Pathogenesis of an Avian Reovirus Isolate Displaying Enteric and Arthritic Tropisms.

Avian reoviruses (ARVs) within genetic cluster (GC) 2 represent a large, heterogenous group of currently circulating ARVs that have been isolated from clinical cases of tenosynovitis and malabsorption. In this study, the pathogenesis of an ARV GC 2 isolate was investigated via quantitative reverse transcriptase PCR (RT-qPCR), in situ hybridization (ISH), and histopathology, following oral or footpad inoculation. RT-qPCR detected ARV within the digital flexor tendon, heart, lung, liver, spleen, kidney, duodenum, cecum, cloacal bursa, and thymus. The highest viral RNA load was observed within the intestinal tract between 36 and 72 hr postinoculation (hpi). ISH demonstrated ARV within villous enterocytes throughout the intestines, follicle-associated epithelial (FAE) cells of the bursa, and the synovial membrane of the tendon. Histopathology within the intestine consisted of rare syncytia with negligible inflammation, whereas marked inflammation was present within the synovial tissues.
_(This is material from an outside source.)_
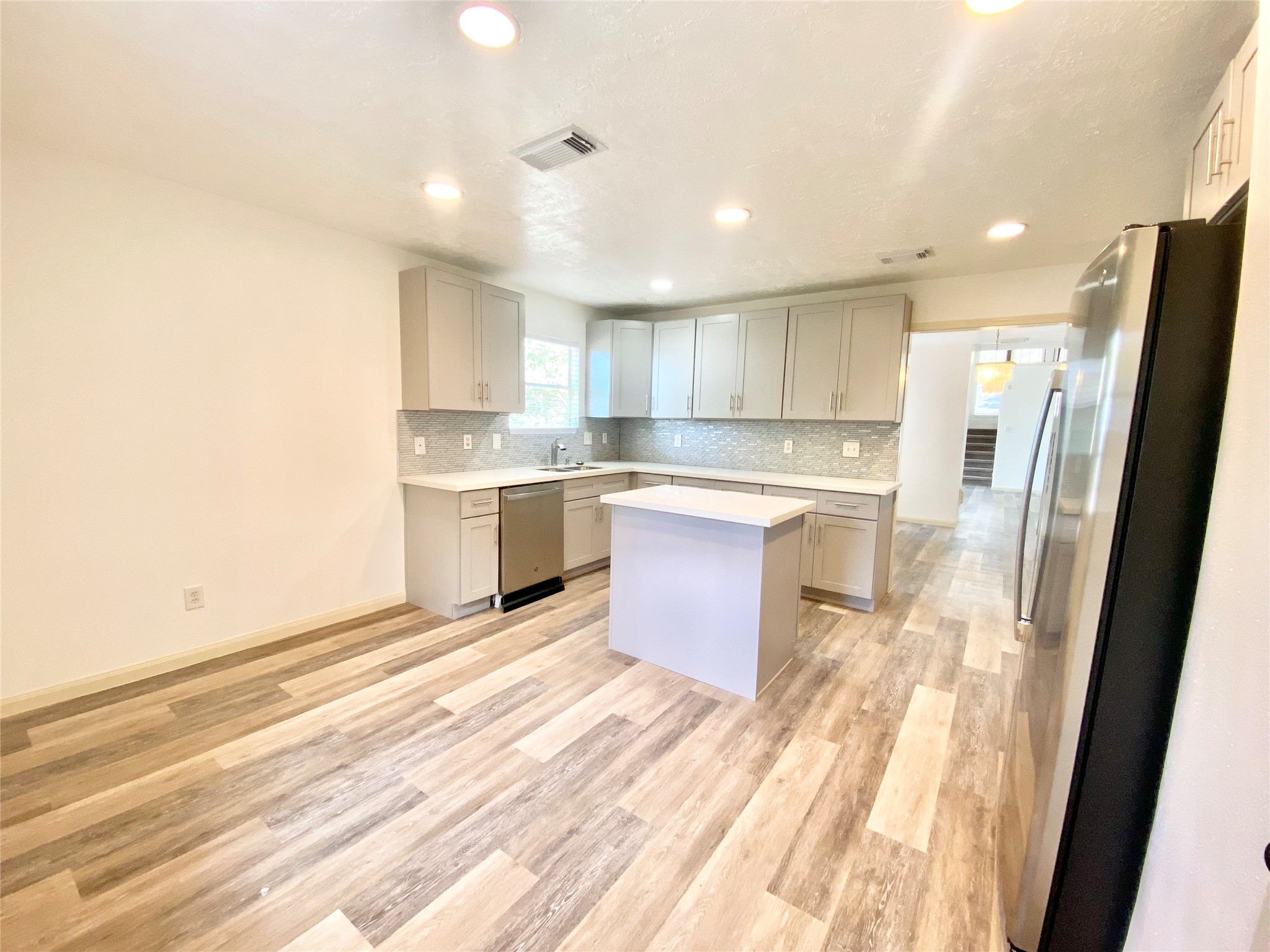 4203 Breckenridge Drive Houston, TX 77066 - Photo 7 of 43 a kitchen with stainless steel appliances granite countertop a refrigerator and a stove top oven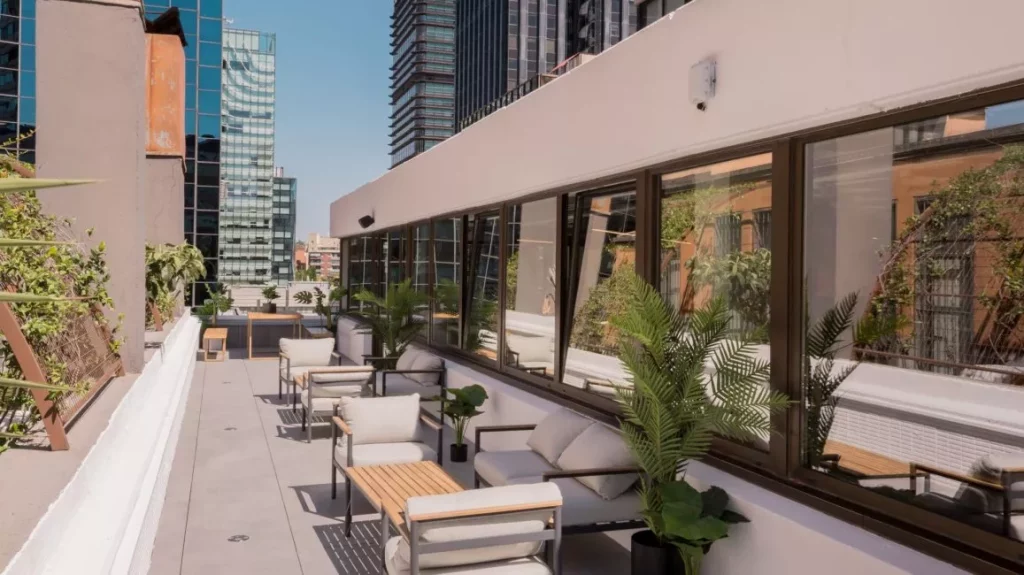 Terraza privada con zonas de descanso en el espacio flexible de Venture X, cerca del eje AZCA-Tetuán.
The identity of infected enterocytes as avian "M cells" or infected synovial lining cells as macrophage-like synoviocytes (MLS) could not be histologically determined. However, the susceptibility of these varied cell types to infection with an ARV GC 2 virus demonstrates simultaneous potential enteric and arthritic roles in the pathogenesis of these reoviruses.